At one stop at the Hike Inn, having a chat with the owner, I was told that Marines and engineers are the absolute worst for hiking the AT.

  • Engineers are persnickety and think they can make just one more nook or cranny in their massively huge backpacks so that they can actually carry the kitchen sink with them. You could never fit their backpacks into a small SUV. What are they thinking? Too smart for their own good. They make a few miles and are worn out. They don’t calculate the human factor.
  • Marines are, of course, stuck on 80 pound packs. As long as it is 80 pounds they’ll be just fine. Going 25 miles in one day with 80 pounds is one thing, for one day. But when you’re facing 2,200 miles, that’s another thing altogether. Again, they don’t calculate the human factor. Anything is easier than war, right? Even civilians do this trail thing, right? But then…
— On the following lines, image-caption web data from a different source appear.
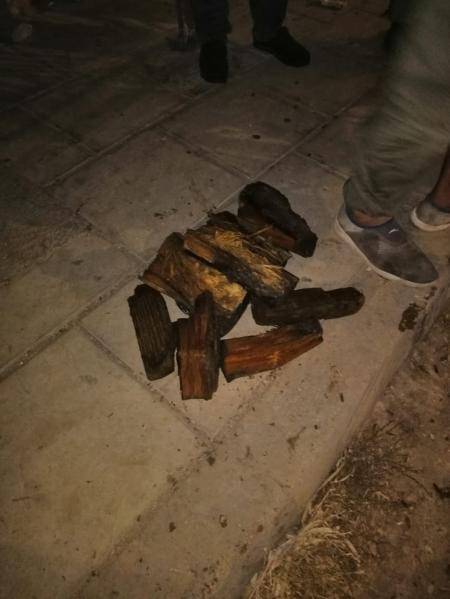 المياه: جذوع شجر داخل خط ساكب سبب الانقطاع .. وإعادة الضخ صباحا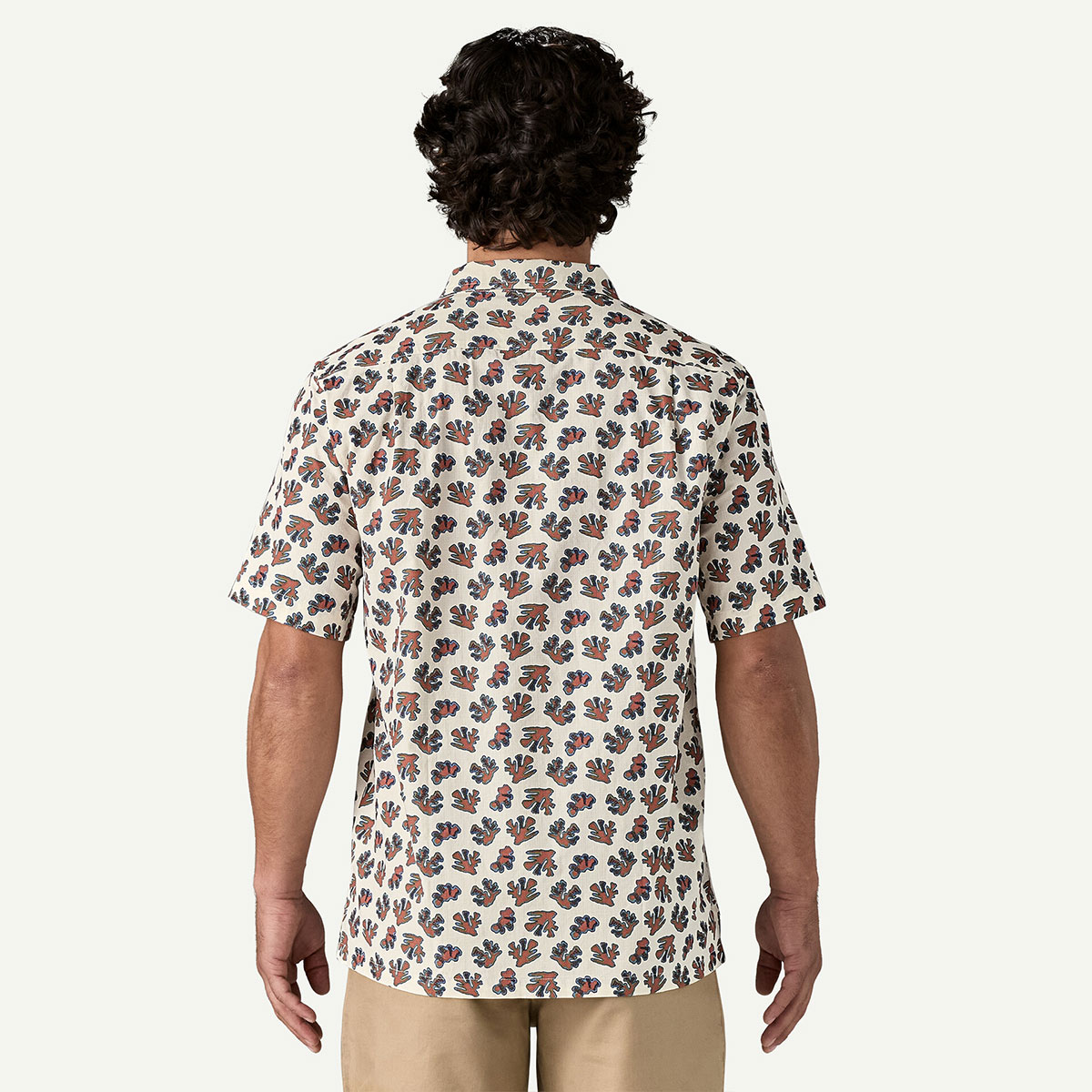 ��20%OFF ���ե�����ۥѥ����˥� Patagonia ��� Ⱦµ����� �����ϥ���� ������� �ȥåץ�  ��4�� S M L �����ե��� ��� �����ȥɥ� ������ �͵� �֥��� | Men's Tidal Threads Camp Shirt��52567��  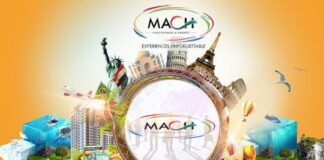 Mach Conferences IPO Subscription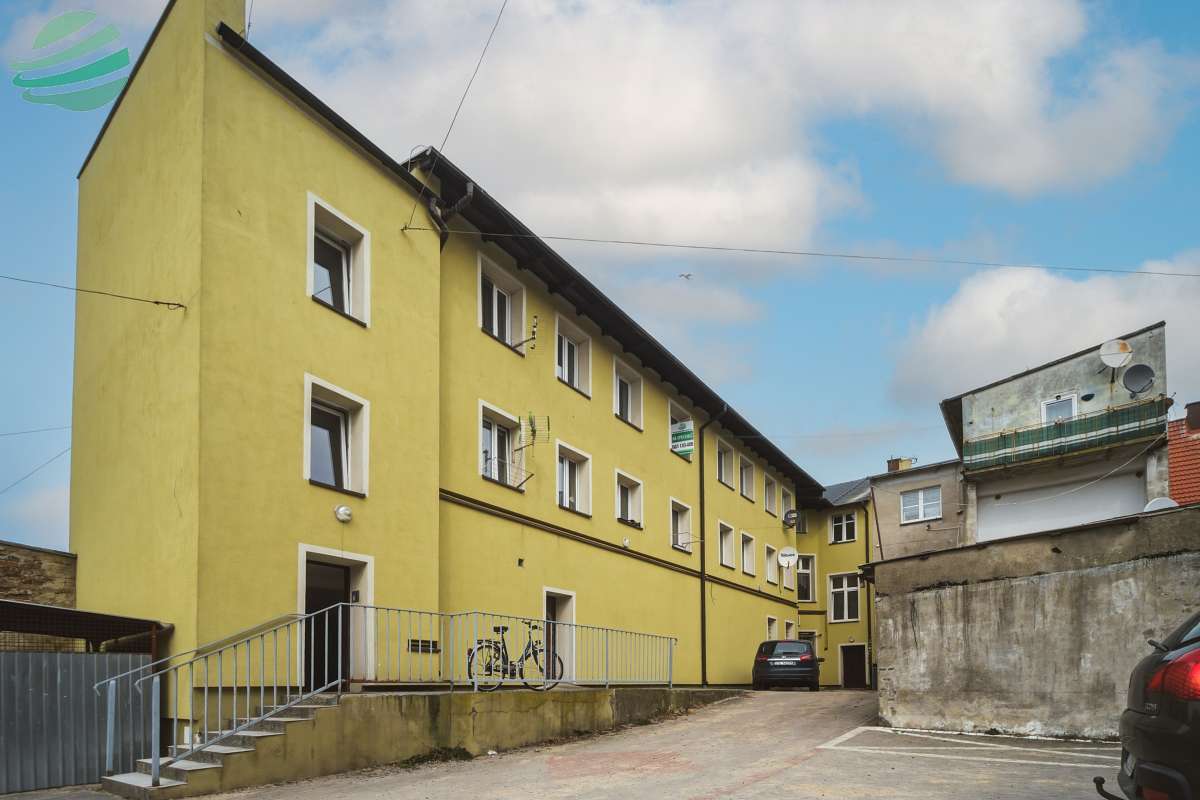 Duże mieszkanie w centrum Darłowa  4 pokoje  2 pię (14)
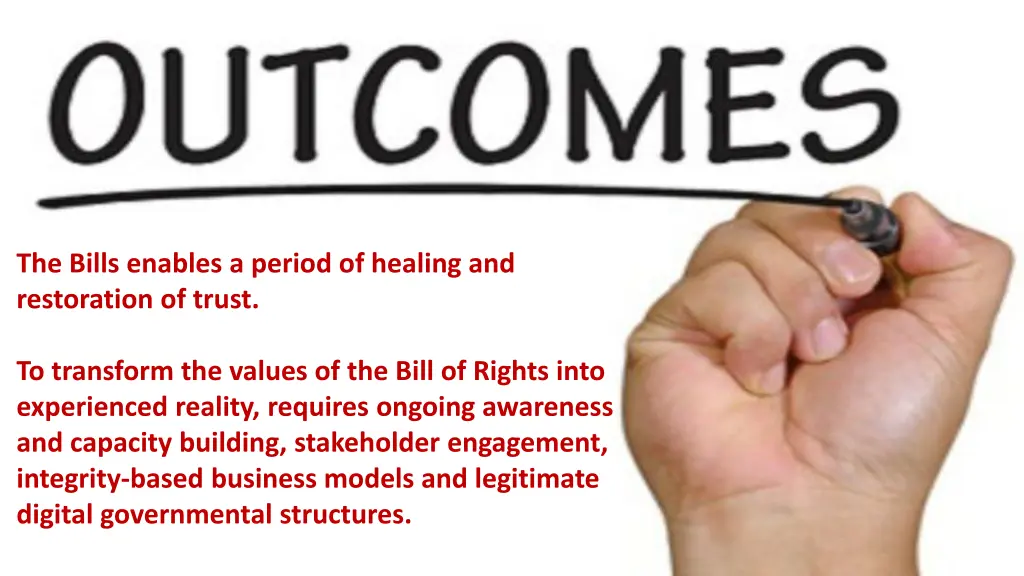the bills can produce an initial period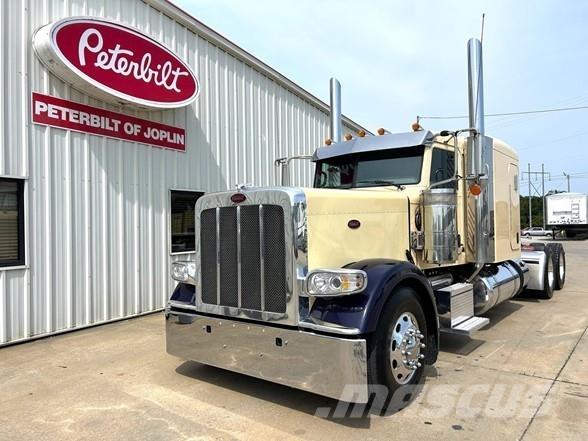 Peterbilt 389 中古トラクターヘッド | トレーラーヘッド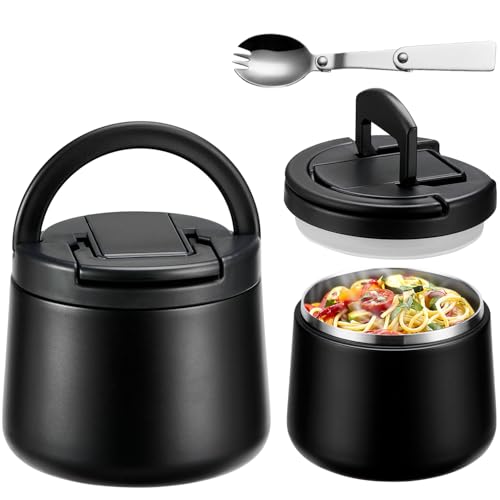 14oz Vacuum Insulated Soup Thermo for Hot Food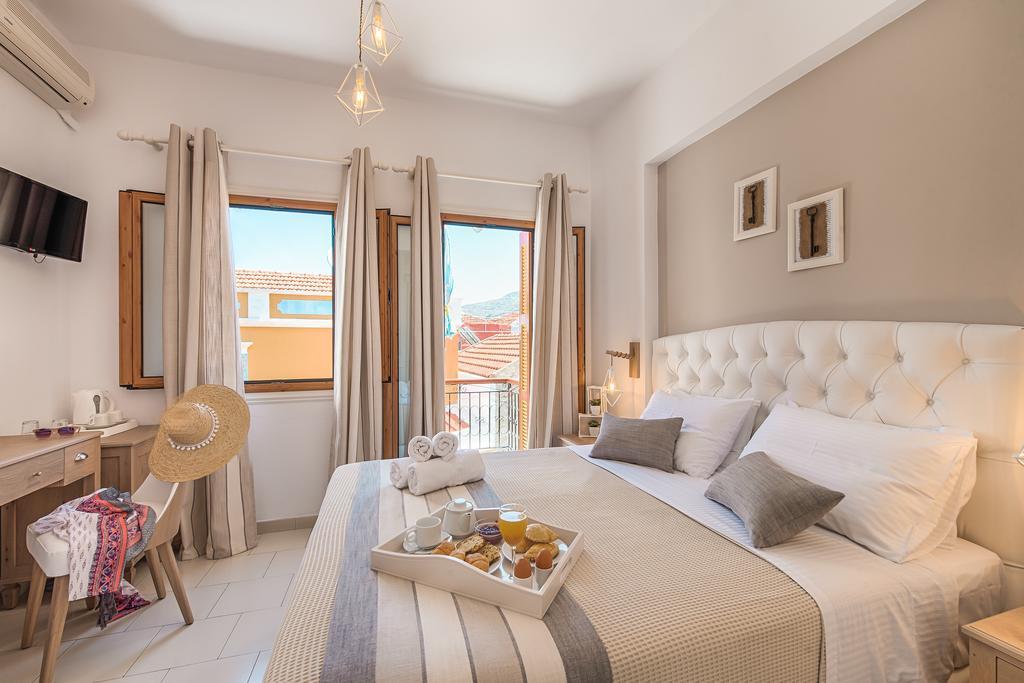 Kokona Hotel Sými Luaran gambar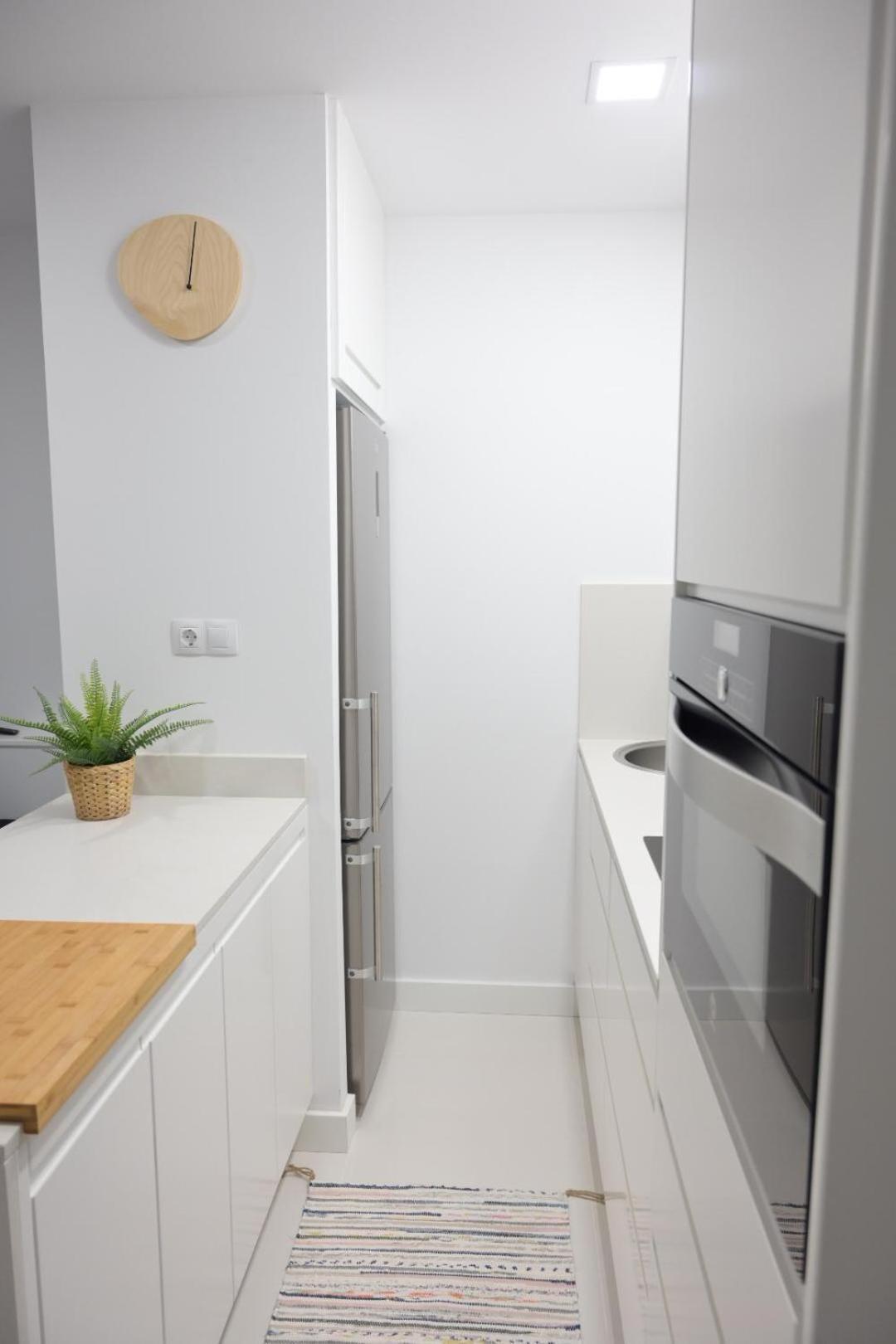 לאס פאלמס דה גראן קנאריה Apartamento Luis Morote Plaza Santa Catalina מראה חיצוני תמונה
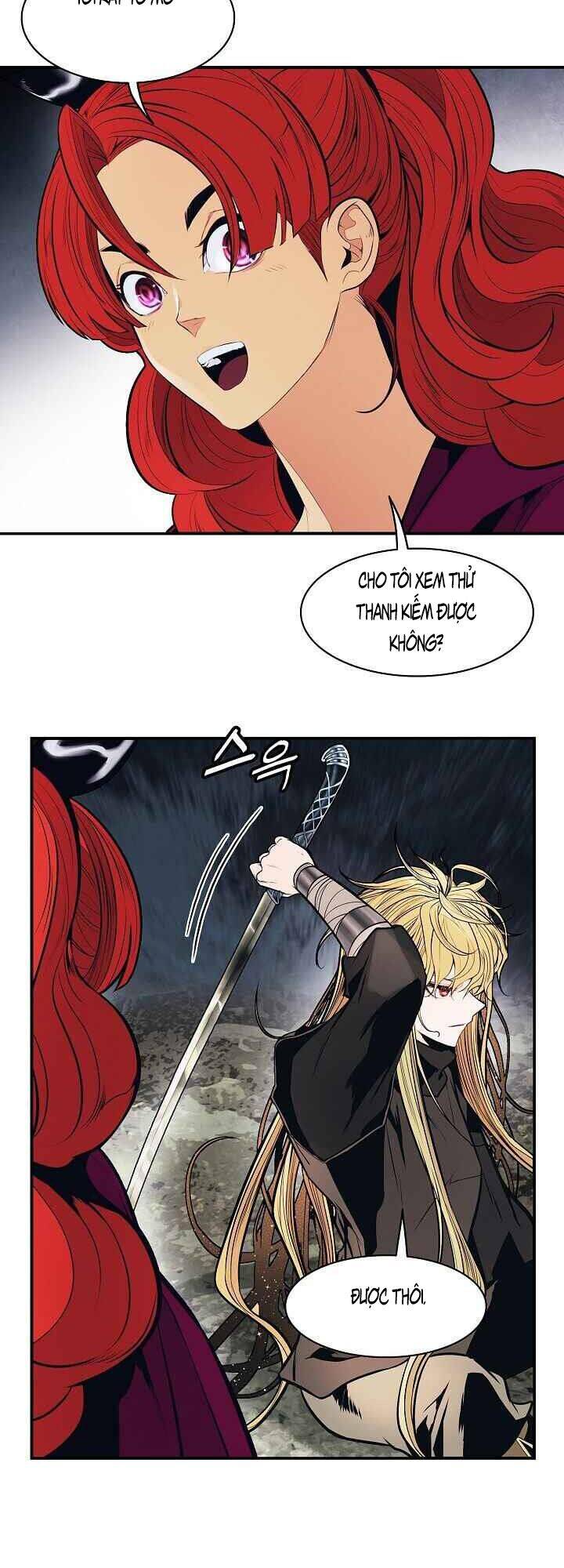 Bất bại chân ma chapter 103 - Upload bởi truyensieuhay.com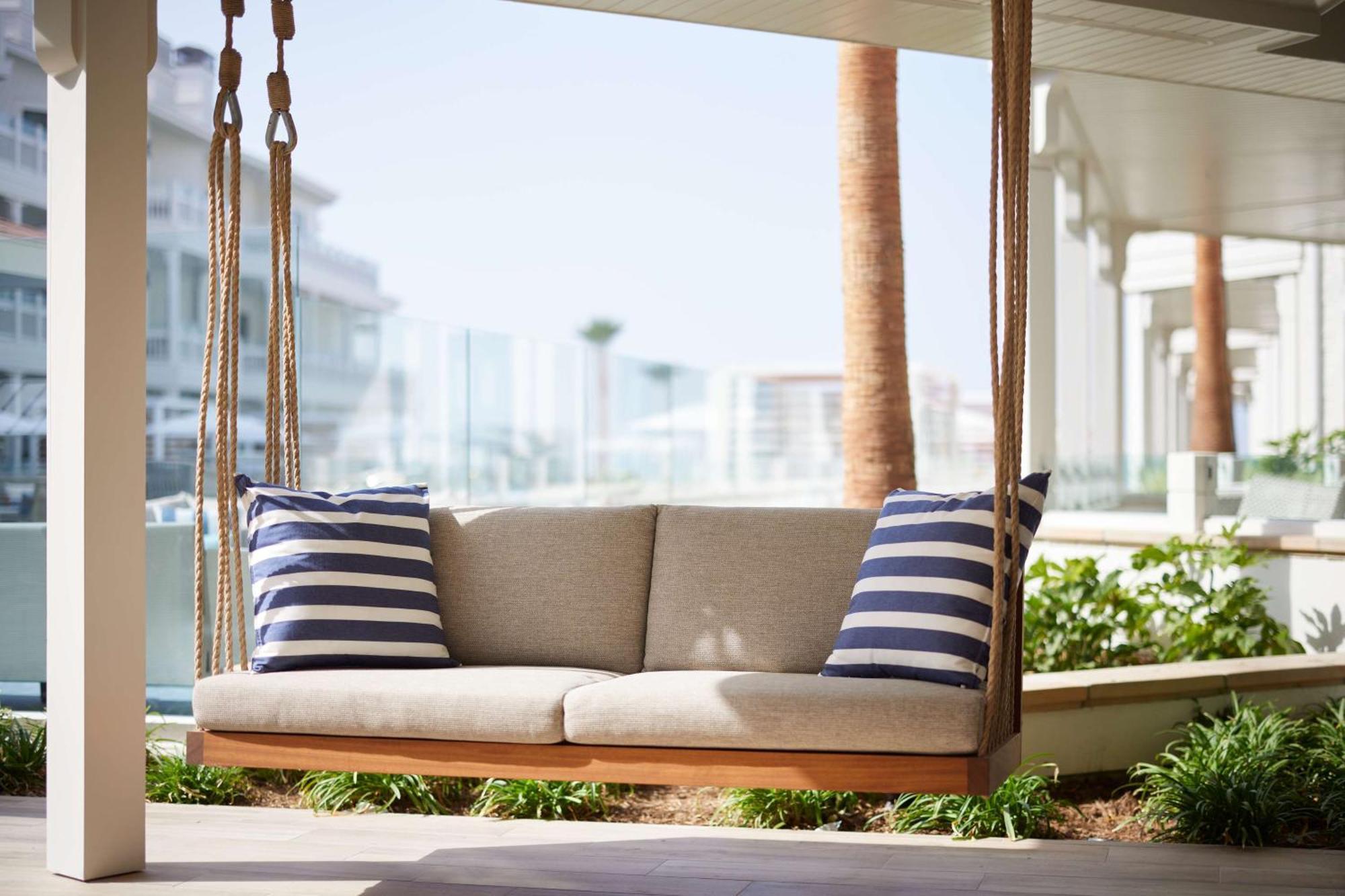 Shore House At The Del, Lxr Hotels & Resorts كورونادو، سان ديغو، كاليفورنيا المظهر الخارجي الصورة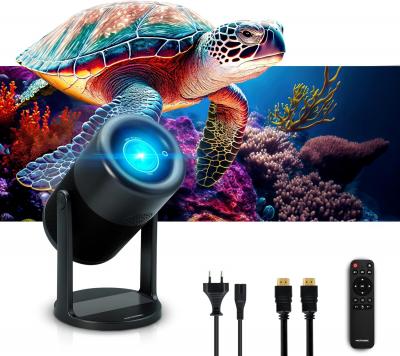 Vid�oprojecteur Portable Wifi Bluetooth   Projecteur Full HD Compatible Avec Hau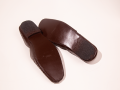 Merkis Chocolate Leather Kolhapuri Sandal For Men S 215. 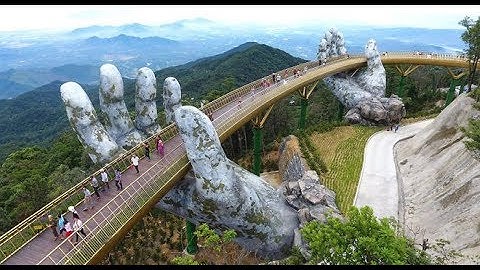 Golden Bridge - Da Nang - Viet Nam, Do you know it?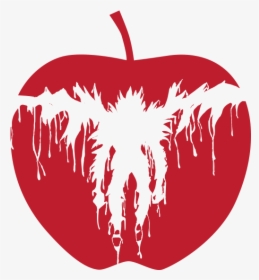 Logo Death Note Apple, HD Png Download, Transparent PNG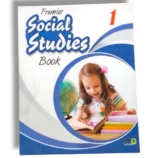 Premier Social Studies 1 textbook front cover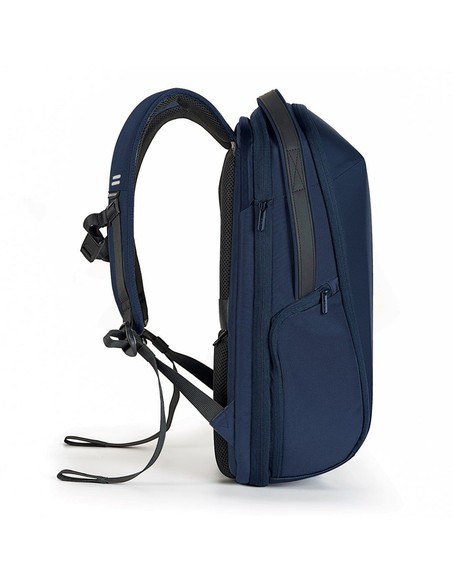XD DESIGN Bizz Backpack Navy P705.935 | Mochila Expandible 25L Portátil 16" Tableta | Kiwiku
In the picture above, I count about 25 ridges over the space of about as many miles. This is not easy. But am I recommending to count the cost before you start? No, not at all. If you knew what it might just cost you before you start you might not even begin. Rather, the old saying about preparing for the worst fits well, but kind of in reverse. Instead of packing more, you pack as little as possible.

The analogy to the spiritual life is easy. Purity of heart and agility of soul, having as little baggage as possible, having one’s eyes on goal, taking up the cross but following Jesus, keeping one’s eyes on Him, that’s what makes it all possible. But maybe we think we can get away with carrying extra rubbish, like the USMC or engineer guys that the nice lady at the Hike Inn meets all the time, you know, because we know how to congratulate ourselves, allowing ourselves to get away with this and that and the other thing. But then the fatigue of the first day on the trail hits us, and then we fall by the way side.